As a former head of a two contract management teams I have seen first- hand that we could we improve client satisfaction dramatically and improvement efficiency and client satisfaction by more than 30% through process improvement alone. It is a well known fact that CMS vendors advertise similar performance improvements through automation. The downside of deploying a CMS is that it takes at least 12-18 months to implement, especially work-flow. Time is eaten up by developing a detailed RFP, vendor selection, definition of user requirements, implementation and training of power users, feedback and modifications, and finally training of the rest of the team. Costs are high given the number of stakeholders and system experts involved. Normally, this process is repeated for multiple feature releases. Another well kept secret is that user adoption of work flow automation is fairly low.
There are other alternatives (not listed in order of importance) that should be explored prior to committing to a full-blown and costly CMS. As I mentioned, the first alternative is to clearly define the contracting process. One of the most valuable aspects is defining the interface between the multiple departments that are involved with the negotiation of a contract - legal, business divisions, finance, and executive management, to name a few. Clearly defining repeatable processes and stakeholder roles can have an immediate impact on cost and team performance. This can be done in less than 3 months.

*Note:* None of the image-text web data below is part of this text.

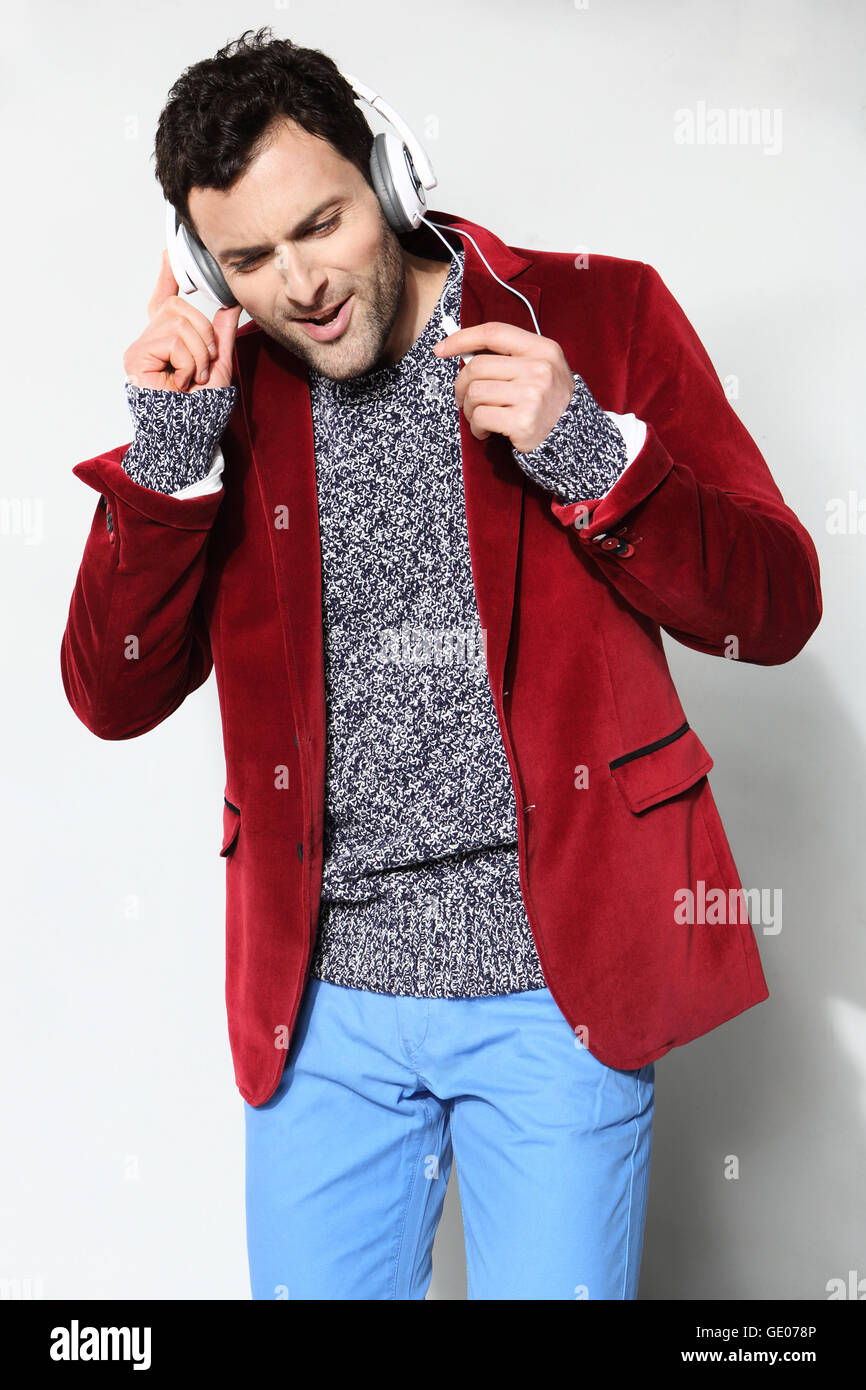 Handsome man listening to music Stock Photo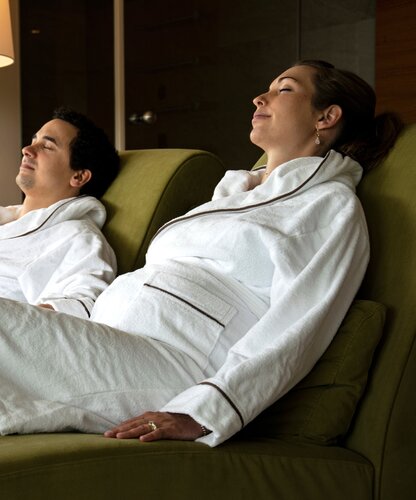 Entspanntes schwangeres Paar in Bademänteln auf Liegen | © Spa Resort Geinberg / Juliane Mayr
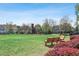 Community green space with a wooden bench and gazebo at 425 Hunt Ne St, Marietta, GA 30060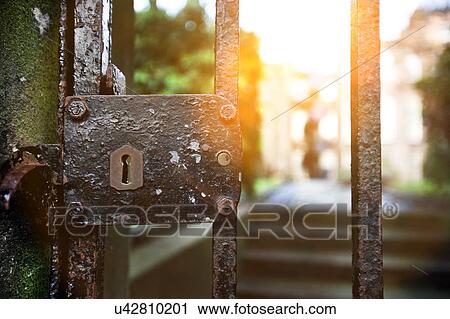 Vintage lock on iron gate with sunshine View Large Photo Image Stock Image - Vintage lock on iron gate with sunshine. Fotosearch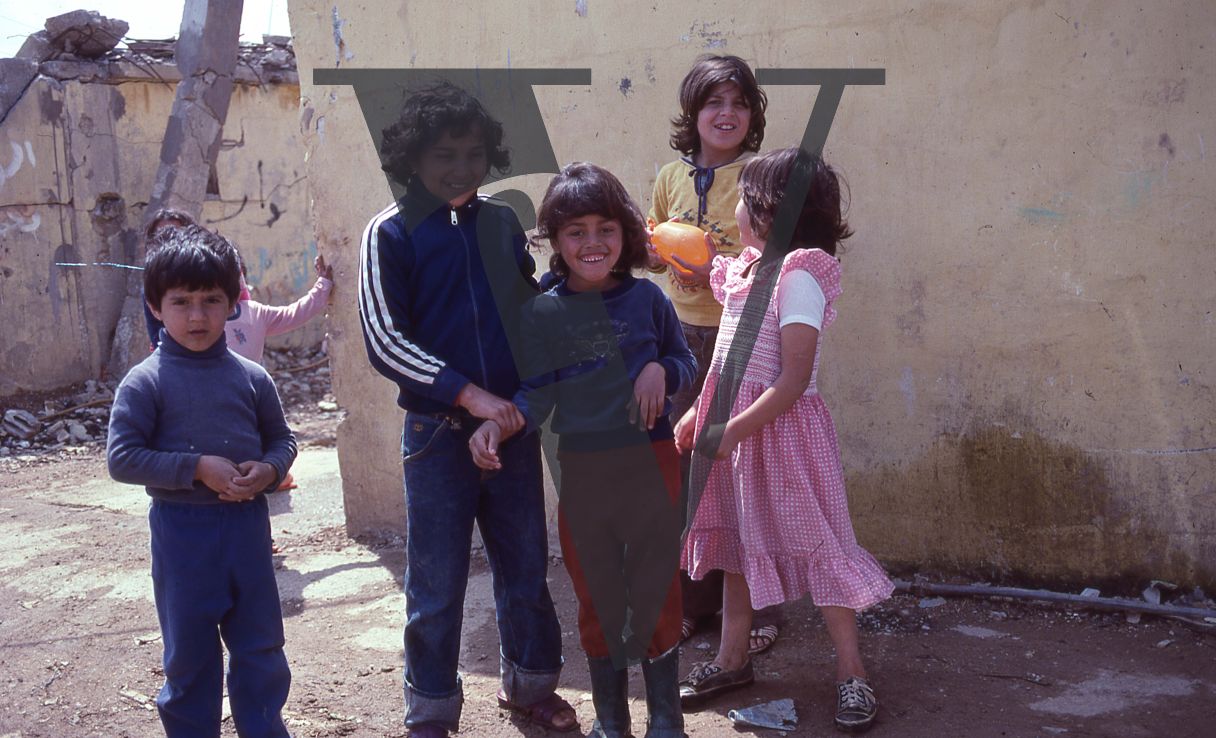 Lebanon, Refugee Camp, Sidon, children smile for camera, portrait, water balloon.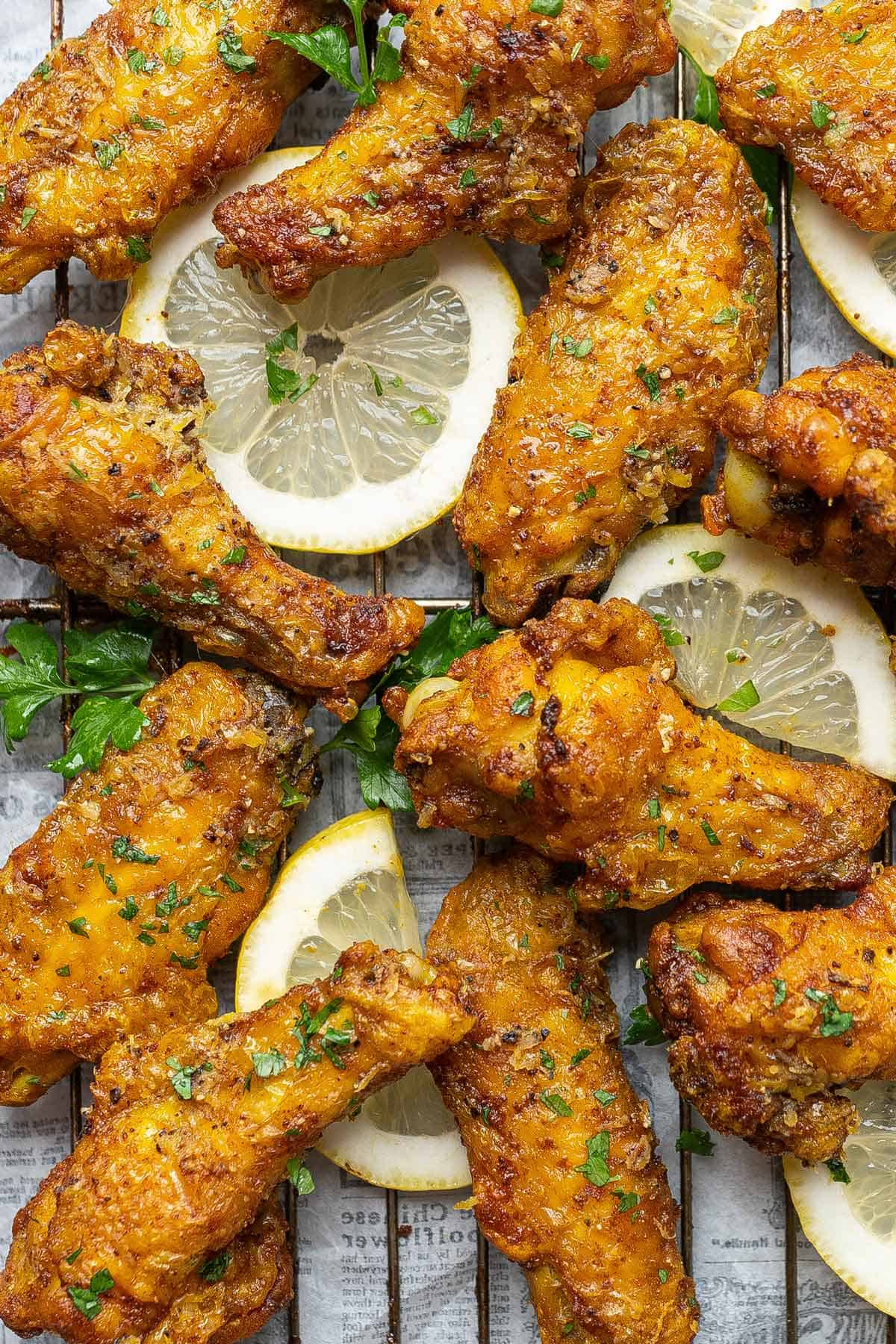 Close up of crispy baked lemon pepper chicken wings on a rack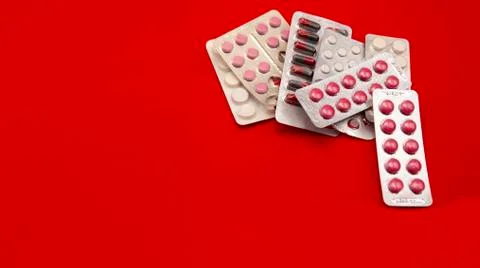 Pills on a red background Stock Photos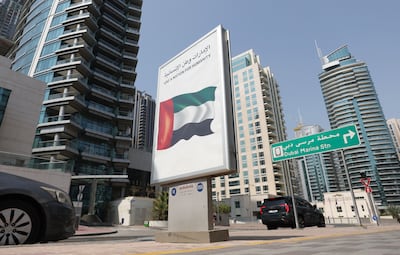 A poster in Dubai Marina that reads 'UAE a nation for humanity'. The relationship between the Emirates and its foreign residents has always been symbiotic. Chris Whiteoak / The National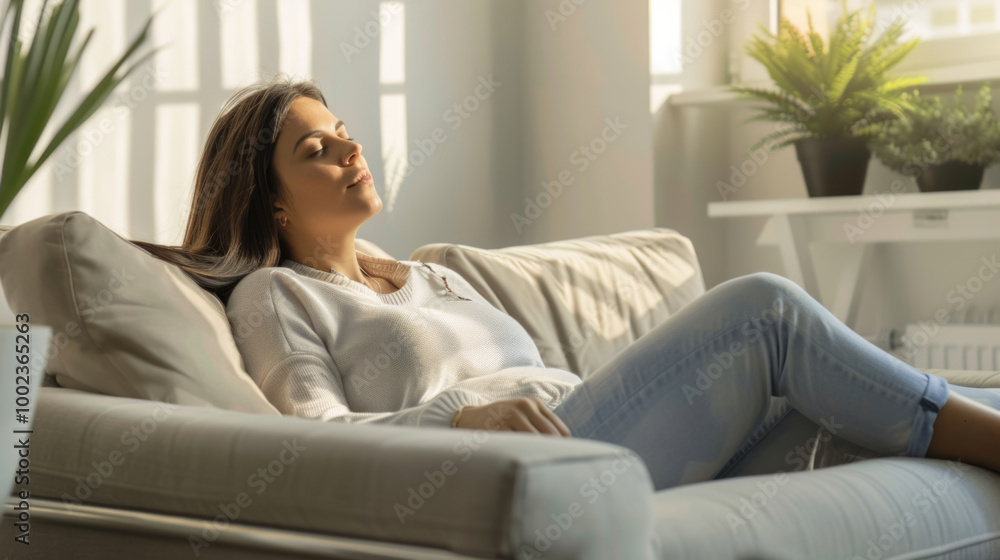 A person reflects and relaxes on a couch during a therapeutic session in a sunlit room A person reflects and relaxes on a couch during a therapeutic session in a sunlit room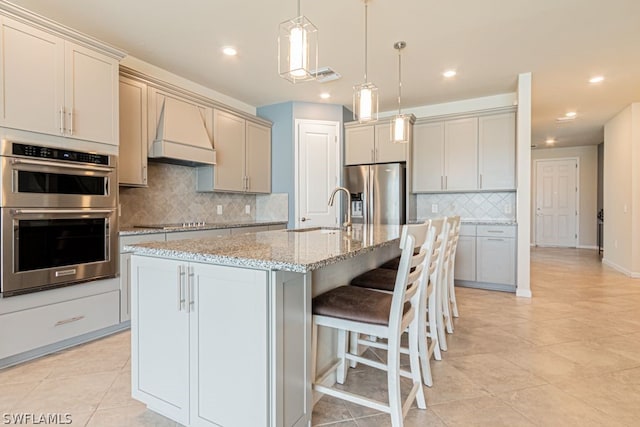 kitchen with hanging light fixtures, appliances with stainless steel finishes, sink, custom range hood, and tasteful backsplash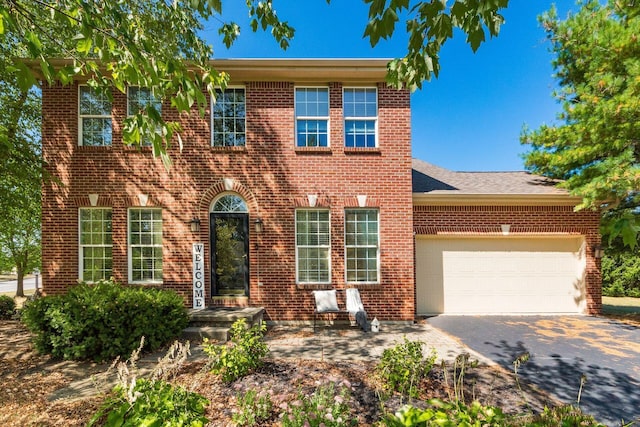 colonial home featuring a garage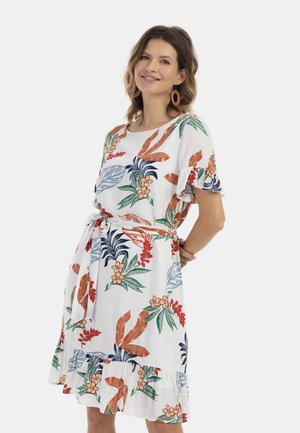 Donna sorridente che indossa un vestito bianco al ginocchio con stampe floreali tropicali colorate, maniche arricciate e cintura annodata in vita.
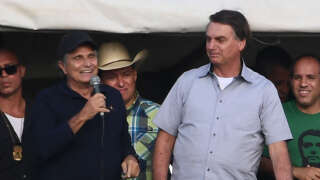 Brazilian President Jair Bolsonaro (R) and former F1 champion Nelson Piquet attend a demonstration by farmers against the Supreme Court and calling for the end of COVID-19 restrictions, in Brasilia, on May 15, 2021 - The rally's organizers have called for conservative 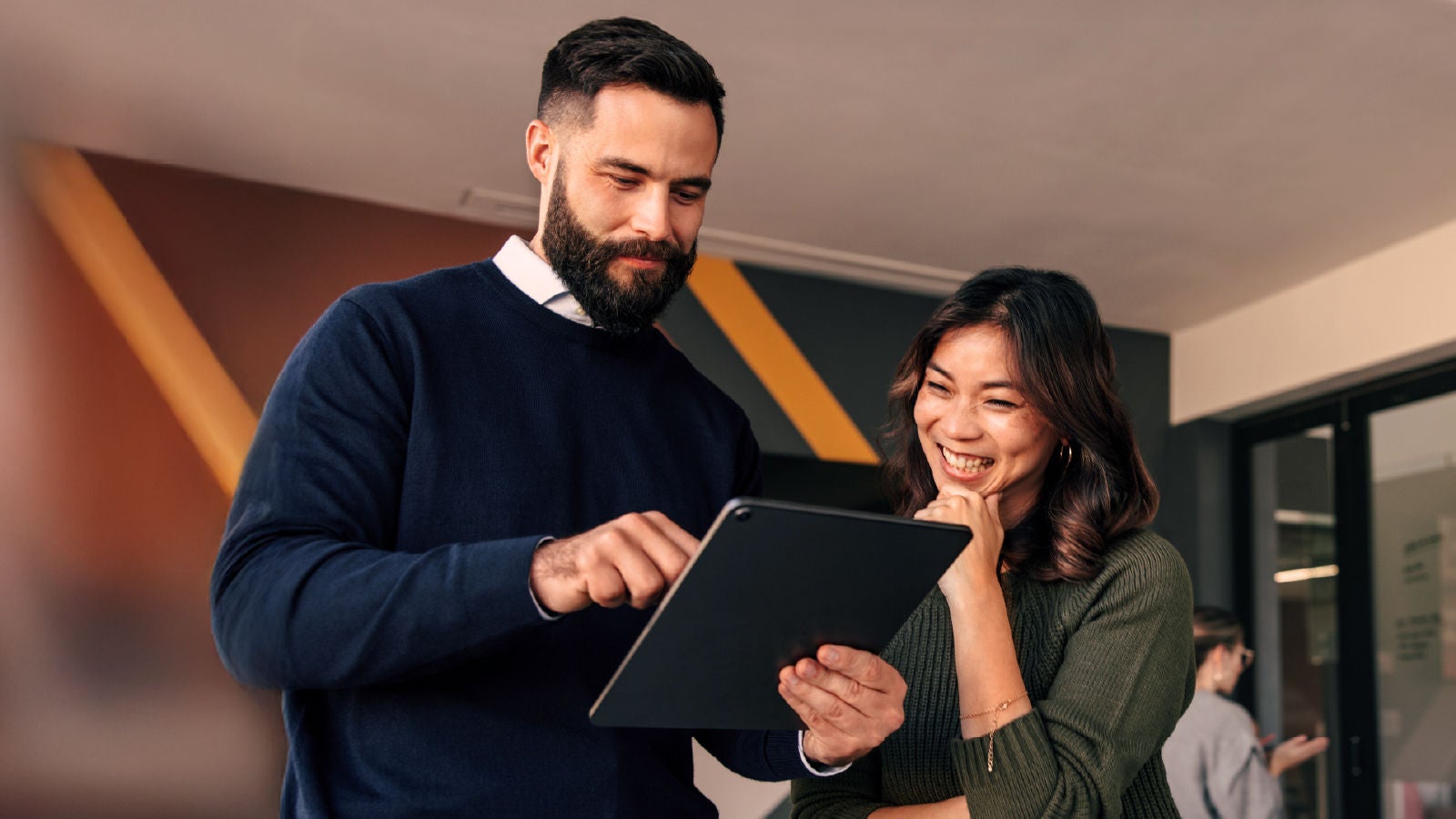 A man showing a woman something on a tablet as they collaborate in a bright, modern office.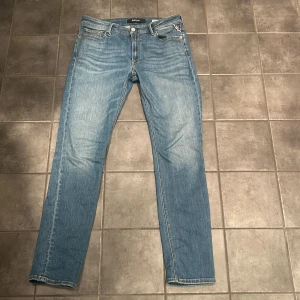 Ljusblåa Reaplay jeans  - Säljer ett par ljusblå jeans från Replay i klassisk straight fit. Jeansen har fem fickor, snygga slitningar och kontrastsömmar. Tillverkade i bomull och perfekta för en avslappnad stil. Ikonisk bakficka med Replay-logga. 1600kr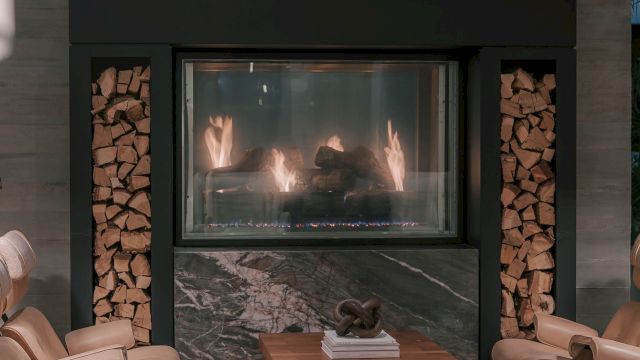 A modern living room with a lit stone fireplace centered between built-in log racks, flanked by beige leather chairs and a wooden coffee table, cozy mood.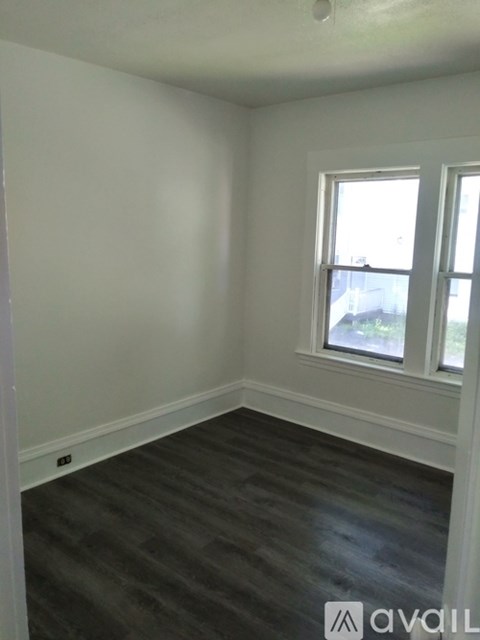 A room with a window and a wooden floor.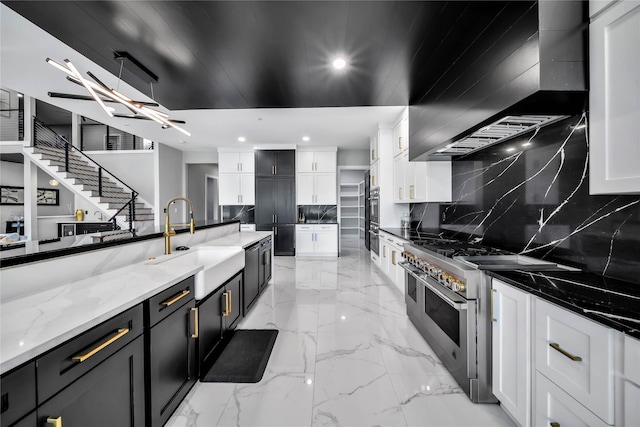 kitchen with sink, white cabinetry, stainless steel appliances, light stone counters, and wall chimney exhaust hood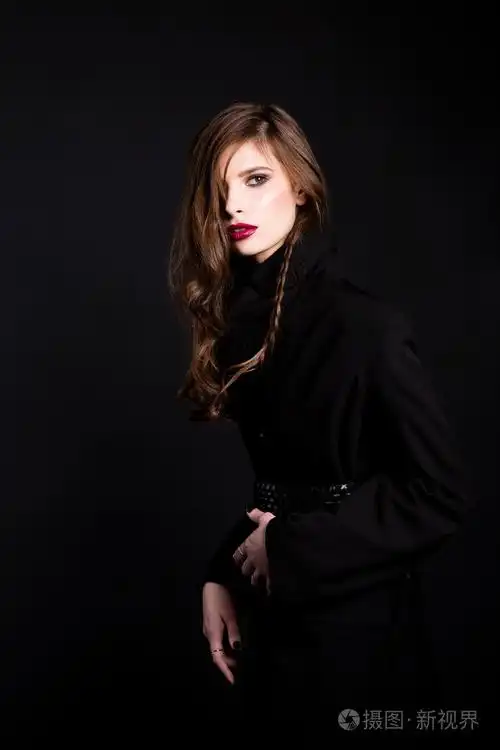 黑发的女人,穿着一件黑色的外套,与铺设和红红的嘴唇在黑色的背景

The other approach that can be implemented in parallel with process improvement is the installation of a contract repository. There are many companies today which lack basic repository features such as electronic contract storage, search, alerts, contract folder structure, secured user access, and reporting. The repository function can be implemented in 3 months and is visible to your stakeholders immediately. (Note: a repository is available as part of a CMS but is rarely sold as a stand-alone module.)
With the goal of leveraging your current staff the final alternative is to outsource the lower value/higher volume contracting work to a third party LPO (Legal Process Outsourcing) firm. This approach can be implemented immediately and unburdens contract management and legal so that they can focus on larger transactions and more strategic work related to the business. LPO providers offer highly qualified contract management professionals and lawyers at a fraction of the cost of hiring additional staff or engaging your outside law firm. Examples of the type of work that could be handled by a LPO include contract review/drafting/negotiation, abstraction, document review, RFP/NDA reviews, creation of contract clause libraries/negotiation playbooks, etc. Note that LPO firms, such as Infosys, offer consulting services that are helpful in accelerating process improvement and managing your data base function.
The bottom line is that there are some alternatives to a CMS investment which should be seriously considered when you are developing a strategy for improving the performance of your contracting team. These alternatives can be implemented in unison or independently.
Your internal clients want improvement now and are typically not willing to wait 12-18 months. Of equal importance is that a combination of these alternatives can yield greater cost savings (40%) than CMS and at a lower cost.